[Source material Boundary: Start]
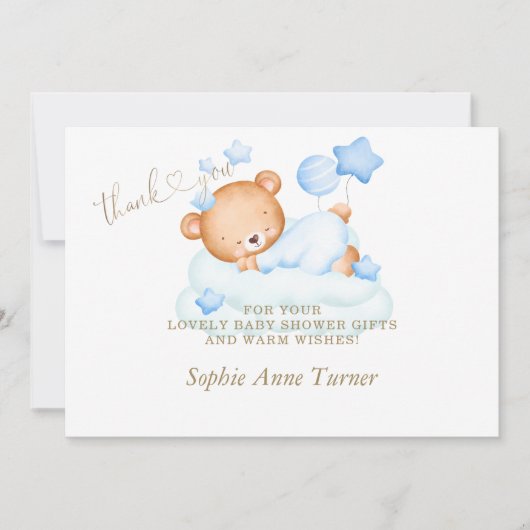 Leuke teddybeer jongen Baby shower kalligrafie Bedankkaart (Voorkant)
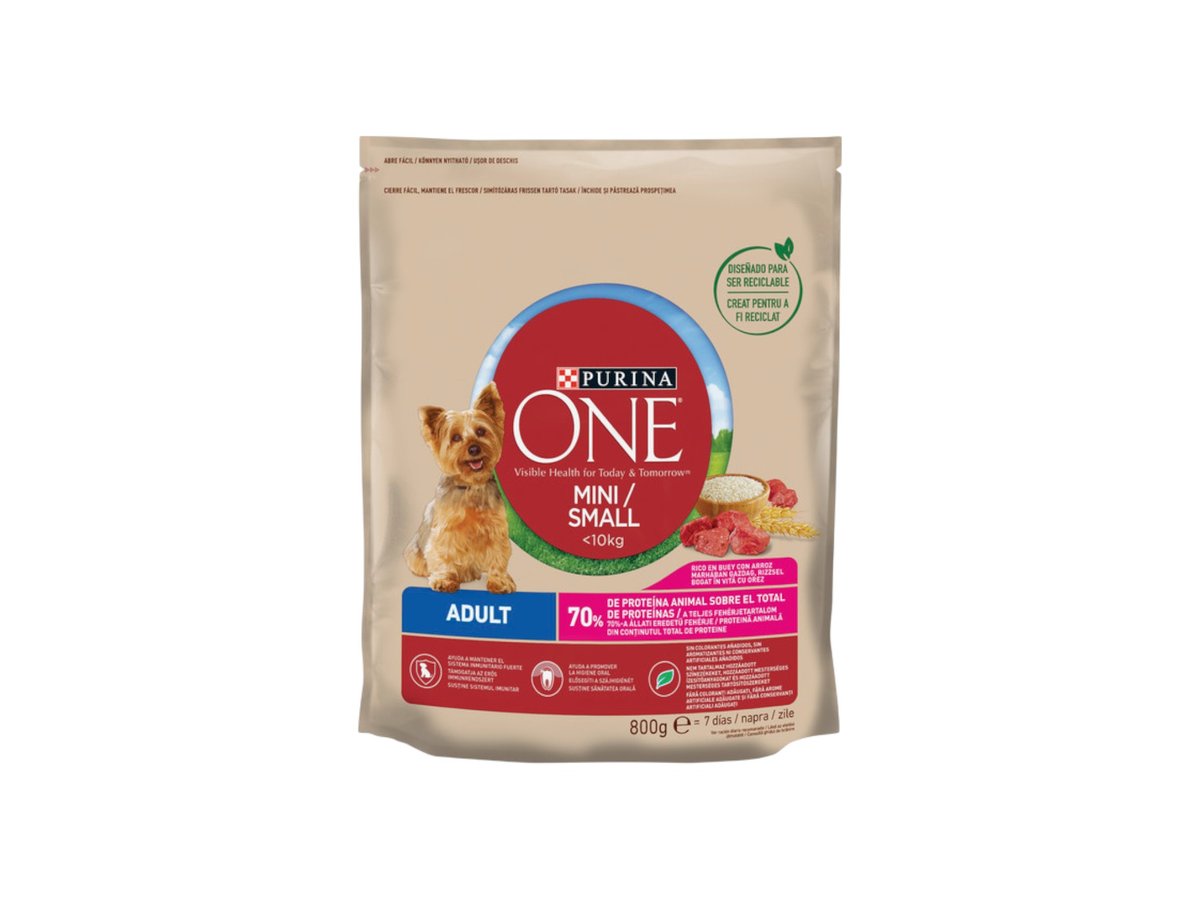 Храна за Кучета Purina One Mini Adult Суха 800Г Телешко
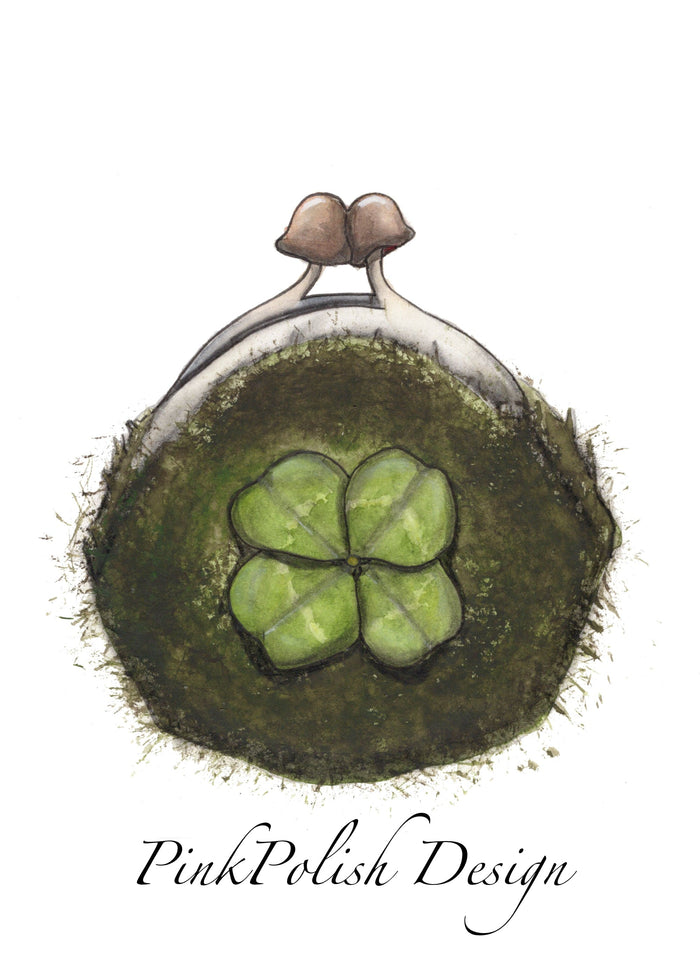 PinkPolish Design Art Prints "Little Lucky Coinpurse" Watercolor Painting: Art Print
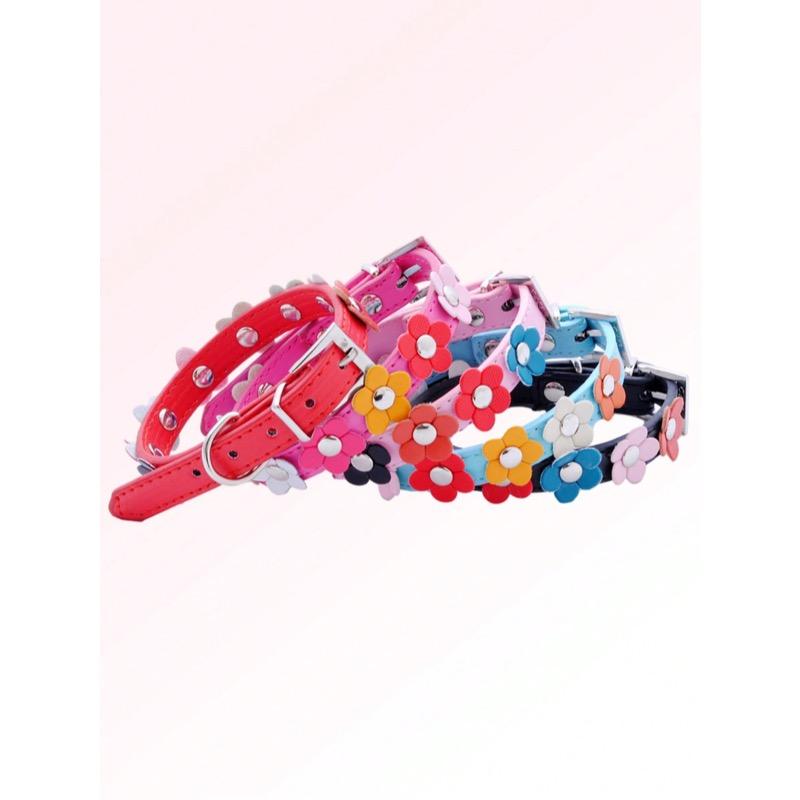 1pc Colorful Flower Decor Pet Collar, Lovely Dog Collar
[Source material Boundary: End]
• [Aim of the exercise] One exact copy of the data is required, and it should hold no pictures.

• [Response area]
 Leuke teddybeer jongen Baby shower kalligrafie Bedankkaart (Voorkant)
 Храна за Кучета Purina One Mini Adult Суха 800Г Телешко
 PinkPolish Design Art Prints "Little Lucky Coinpurse" Watercolor Painting: Art Print
 1pc Colorful Flower Decor Pet Collar, Lovely Dog Collar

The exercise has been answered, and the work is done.